Your goal:
All of the records below must be reproduced exactly, minus any pictures.

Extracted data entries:
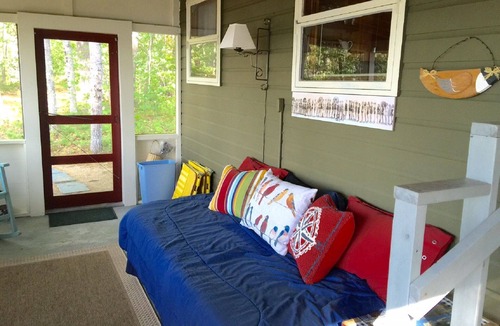Freedom Cottage | Private Waterfront Cottage With Dock On Berry Bay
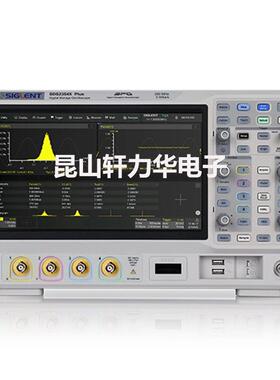 鼎阳SIGLENT SDS2202X Plus二通道200M数字示波器2G采样率触摸屏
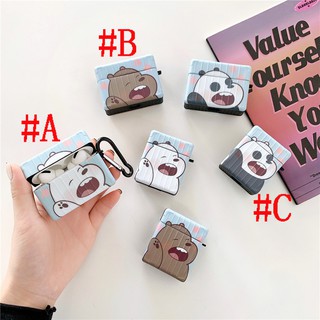 เคสซิลิโคน สําหรับ Airpods Pro gen3 Airpods 2 Cute Cartoon หมี Bear Protective Silicone Case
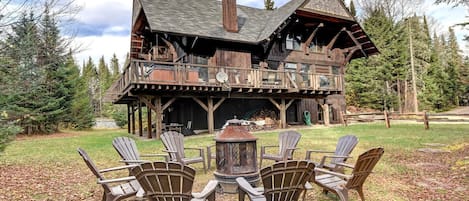 Overnatningsstedets område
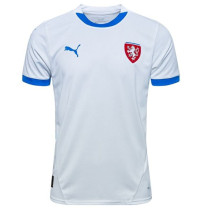 24-25 Czech Away Fans Soccer Jersey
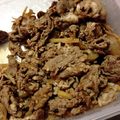 bee888's cooksnap of when they made 生姜がいっぱい♪牛肉のしぐれ煮.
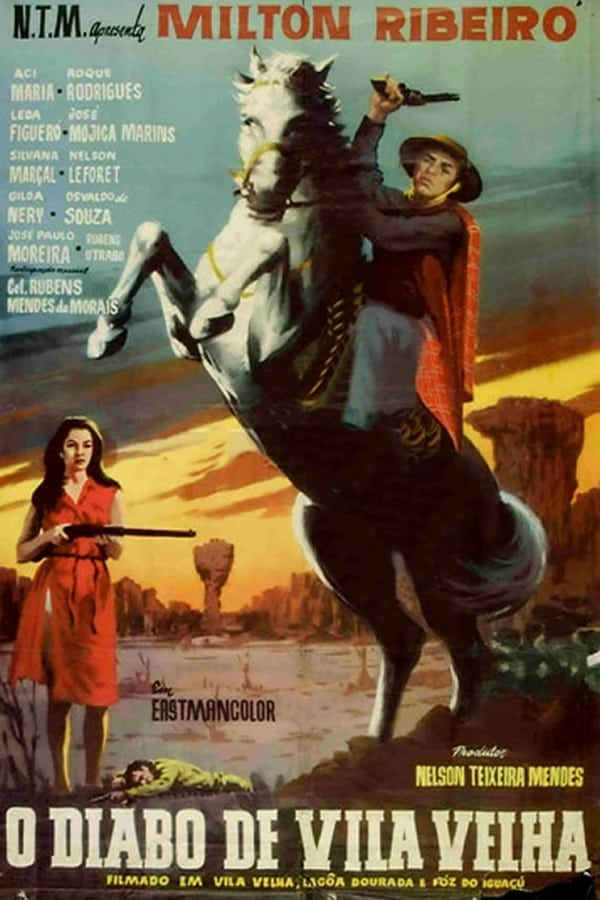 Cover of the movie The Devil in Old Town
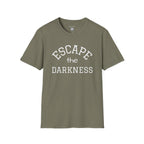 Escape the Darkness / The Light Has Come T‑Shirt — Inspirational  Faith Tee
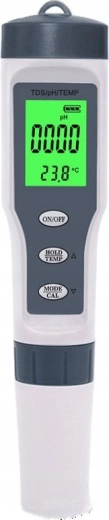 Elektronisk pH-meter til vand Renew Force wt1000-g - 1 stk.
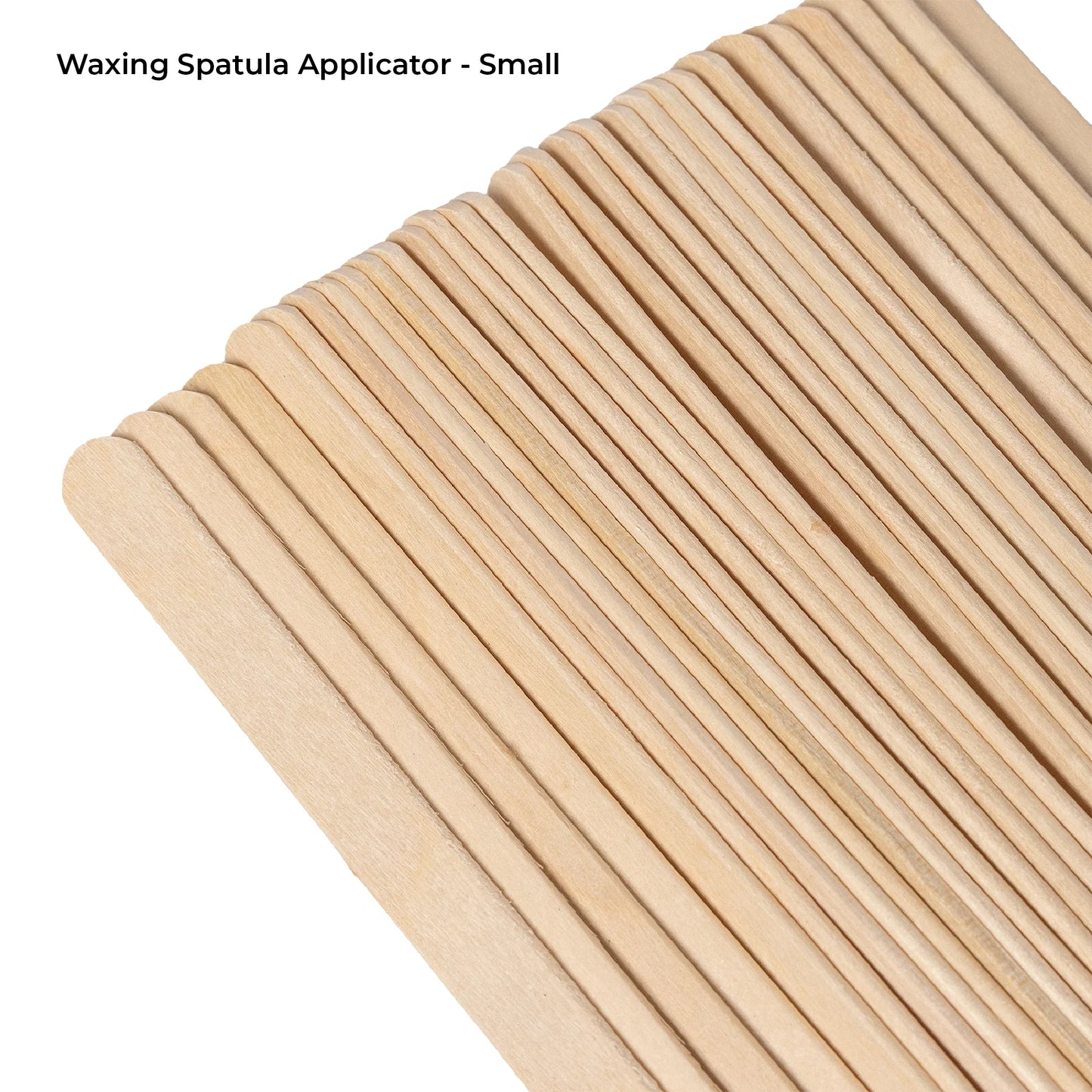 Waxing Spatula Wood Applicator Small, 100 pcs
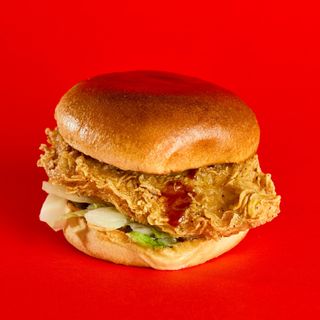 Honey BBQ crunch menù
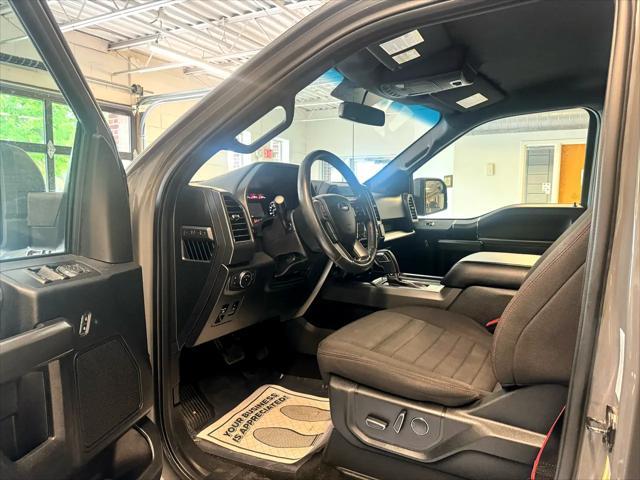 used 2018 Ford F-150 car, priced at $22,998
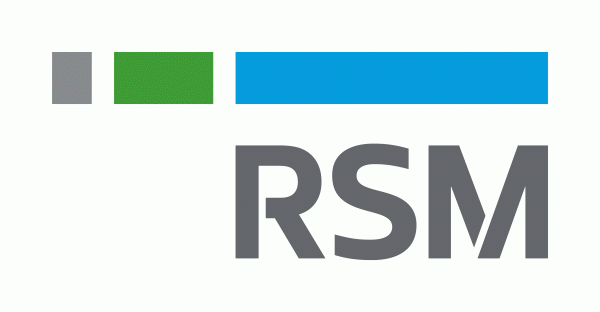 RSM GmbH Wirtschaftsprüfungsgesellschaft Steuerberatungsgesellschaft Logo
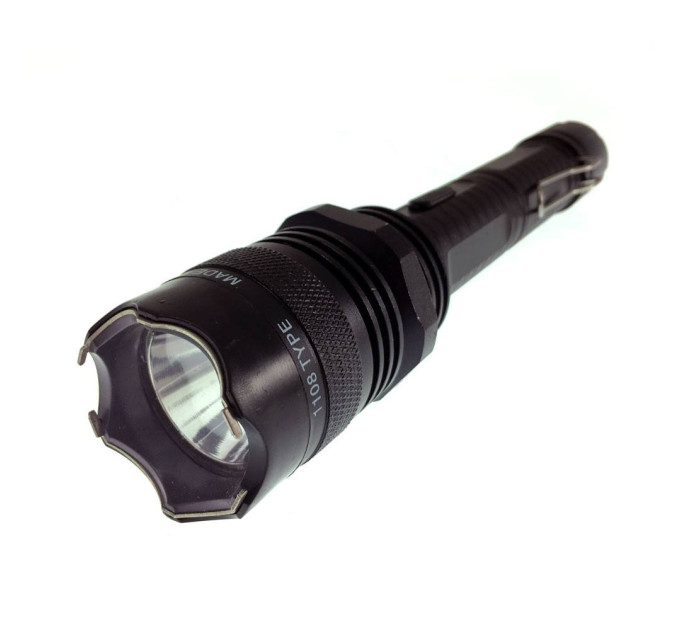 Фонарик Bailong BL-1108 с отпугивателем собак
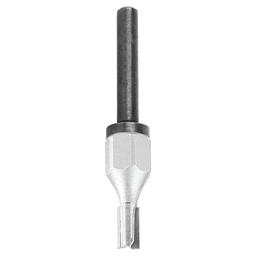 1/4" Dia x 1/2" Carbide Tipped Mortising Bit, Screw Straight No Shear Cutter, 1/4" - 28 Thread Alt 3 - Image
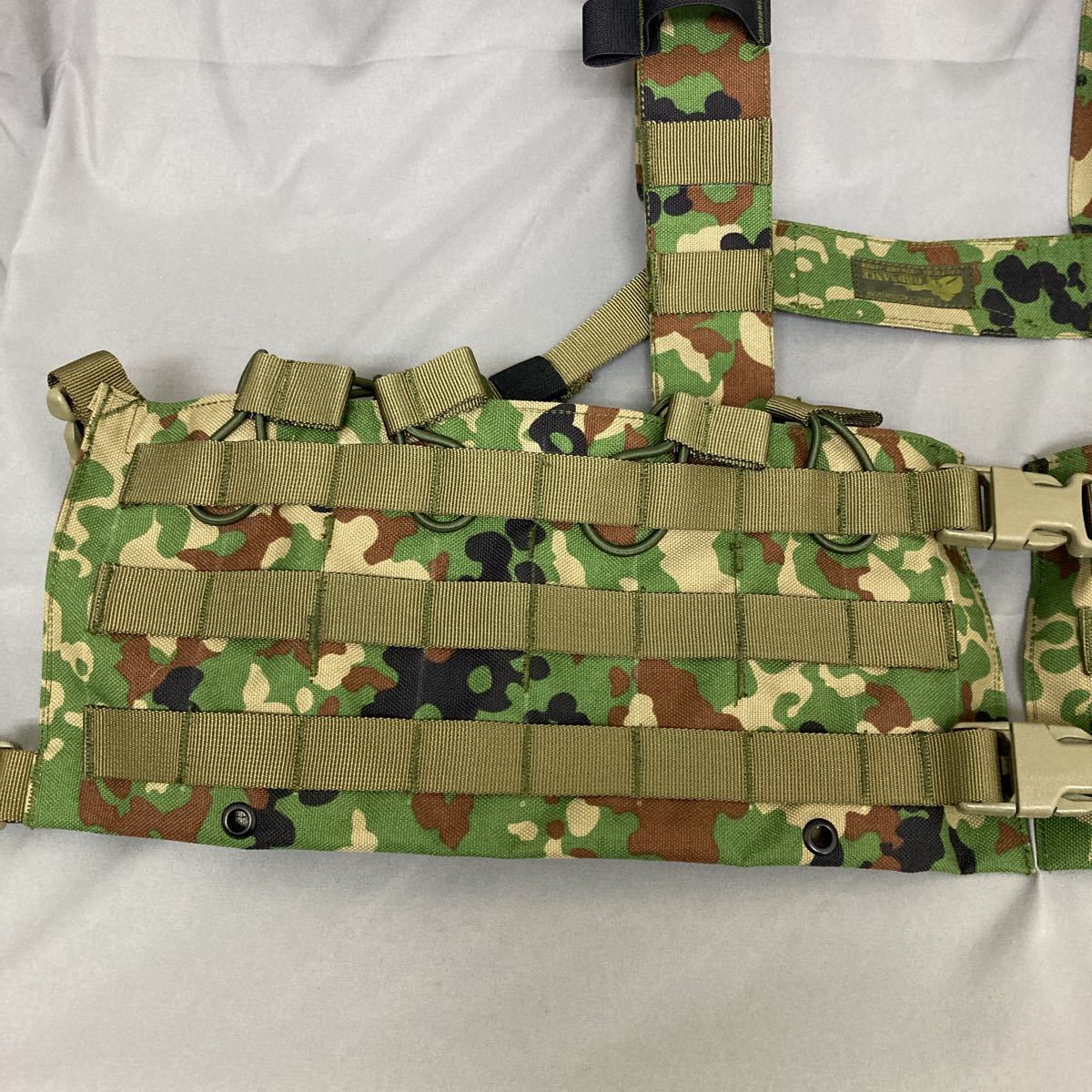 ORDNANCE（オードナンス）沖縄】CHEST RIG チェスト・リグ 陸自迷彩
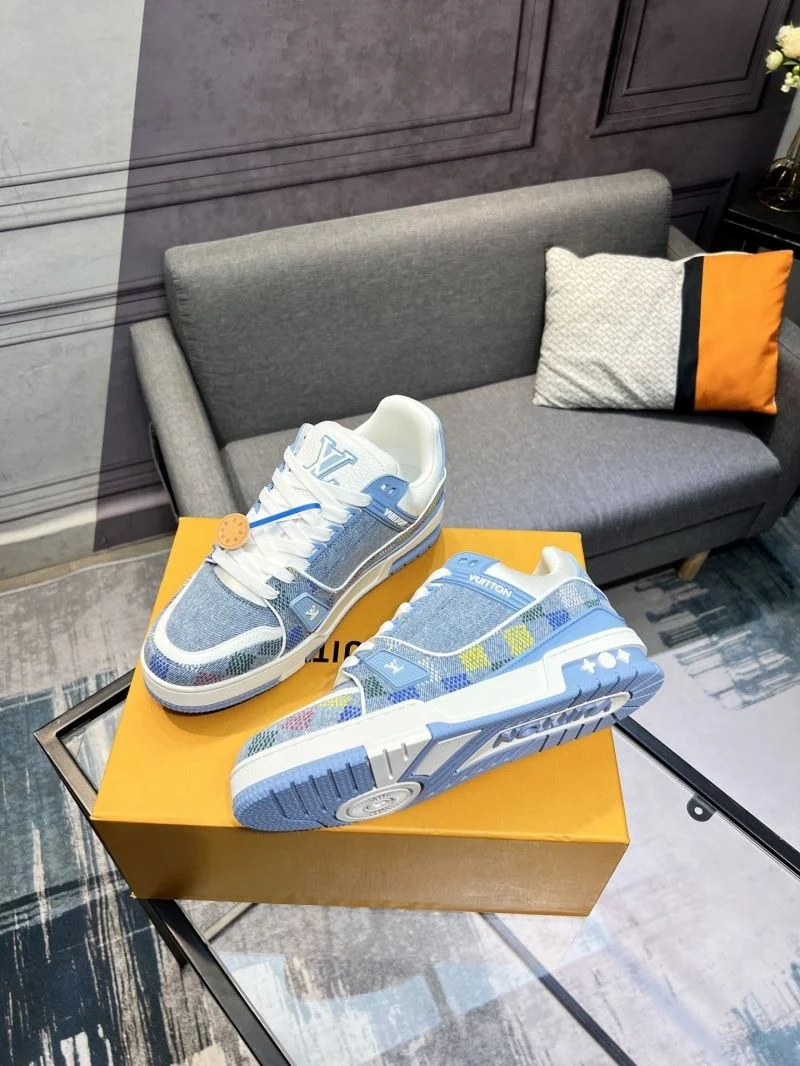 Louis Vuitton Trainer Sneaker WrinkleFree 32488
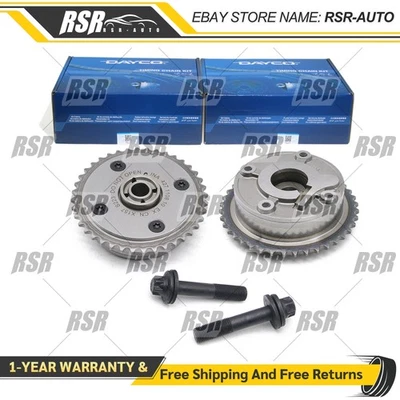 Intake & Exhaust Camshaft Phaser VVT Gear w Bolts For 07-16 Mini Cooper N16B16A - Image 1 of 4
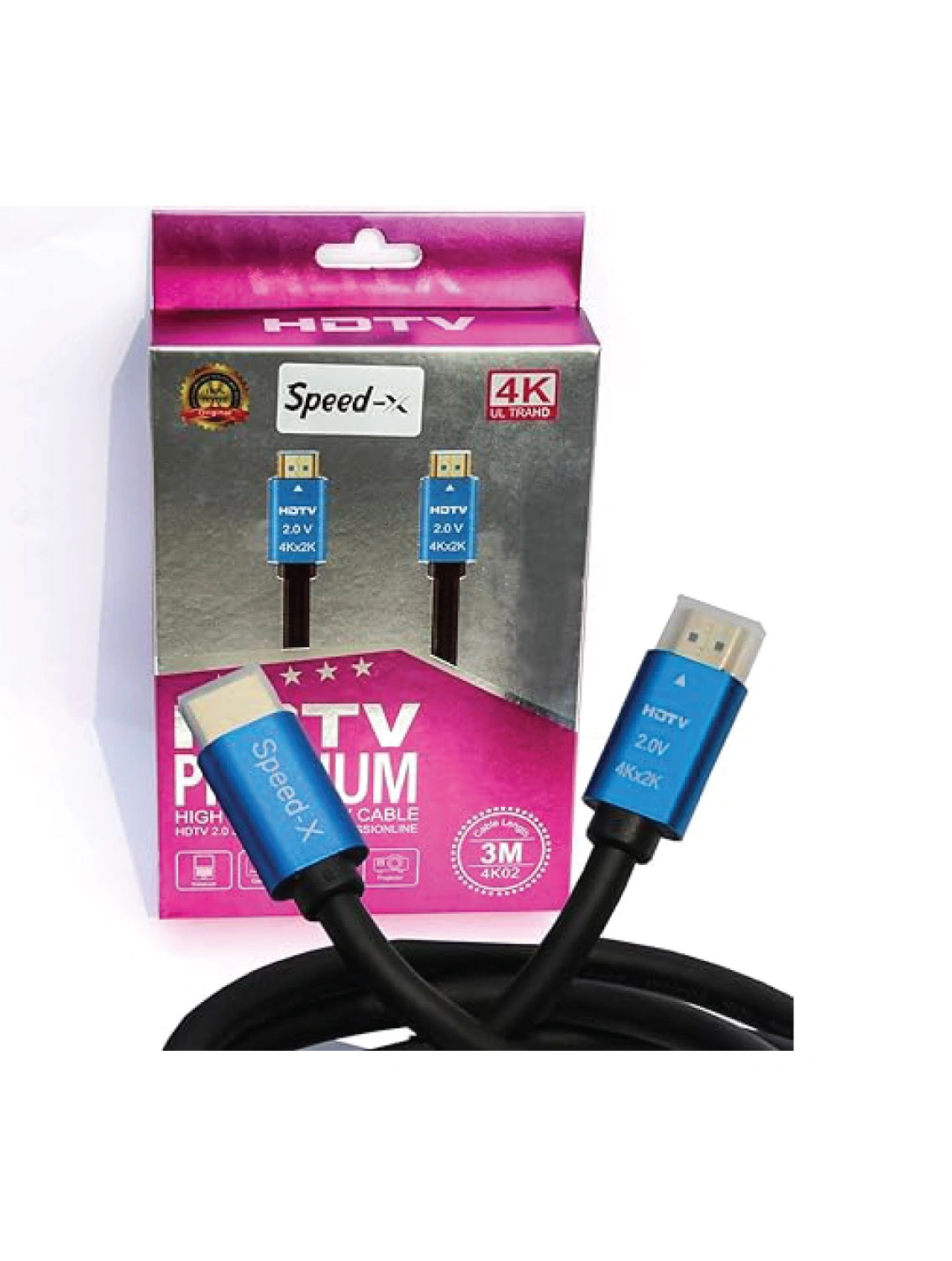 4K-HDMI-Cable-3M-High-Speed-Display-Cable-Pakistan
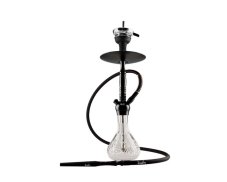Vodní dýmka Aladin Alux M5 47 cm Black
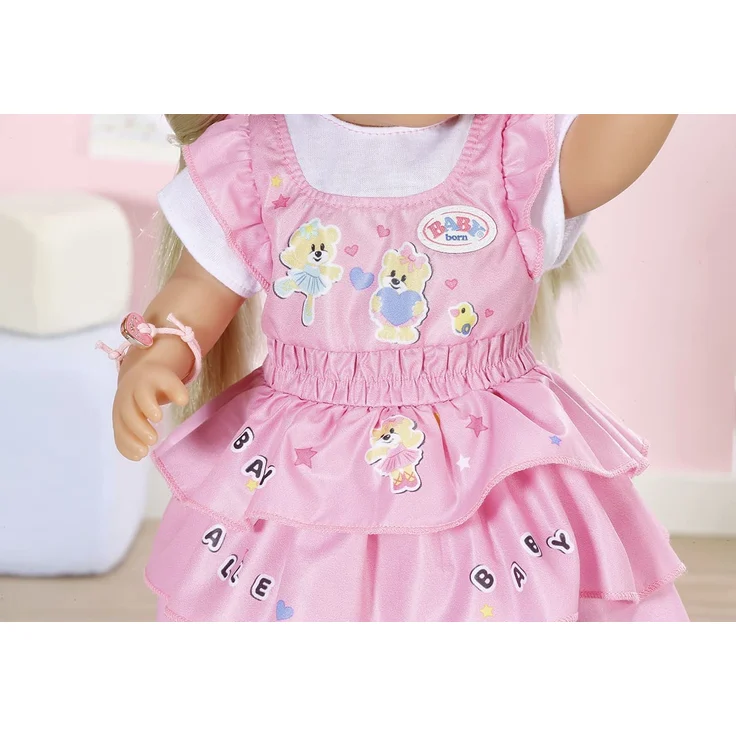 Zapf Creation BABY born 'Kindergarten Little Sister 36 cm', ab 3 Jahren, 7 Funktionen, benötigt keine Batterien – Bild 8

Solution for this problem:
Freedom Cottage | Private Waterfront Cottage With Dock On Berry Bay
 鼎阳SIGLENT SDS2202X Plus二通道200M数字示波器2G采样率触摸屏
 เคสซิลิโคน สําหรับ Airpods Pro gen3 Airpods 2 Cute Cartoon หมี Bear Protective Silicone Case
 Overnatningsstedets område
 24-25 Czech Away Fans Soccer Jersey
 bee888's cooksnap of when they made 生姜がいっぱい♪牛肉のしぐれ煮.
 Cover of the movie The Devil in Old Town
 Escape the Darkness / The Light Has Come T‑Shirt — Inspirational  Faith Tee
 Elektronisk pH-meter til vand Renew Force wt1000-g - 1 stk.
 Waxing Spatula Wood Applicator Small, 100 pcs
 Honey BBQ crunch menù
 used 2018 Ford F-150 car, priced at $22,998
 RSM GmbH Wirtschaftsprüfungsgesellschaft Steuerberatungsgesellschaft Logo
 Фонарик Bailong BL-1108 с отпугивателем собак
 1/4" Dia x 1/2" Carbide Tipped Mortising Bit, Screw Straight No Shear Cutter, 1/4" - 28 Thread Alt 3 - Image
 ORDNANCE（オードナンス）沖縄】CHEST RIG チェスト・リグ 陸自迷彩
 Louis Vuitton Trainer Sneaker WrinkleFree 32488
 Intake & Exhaust Camshaft Phaser VVT Gear w Bolts For 07-16 Mini Cooper N16B16A - Image 1 of 4
 4K-HDMI-Cable-3M-High-Speed-Display-Cable-Pakistan
Vodní dýmka Aladin Alux M5 47 cm Black
 Zapf Creation BABY born 'Kindergarten Little Sister 36 cm', ab 3 Jahren, 7 Funktionen, benötigt keine Batterien – Bild 8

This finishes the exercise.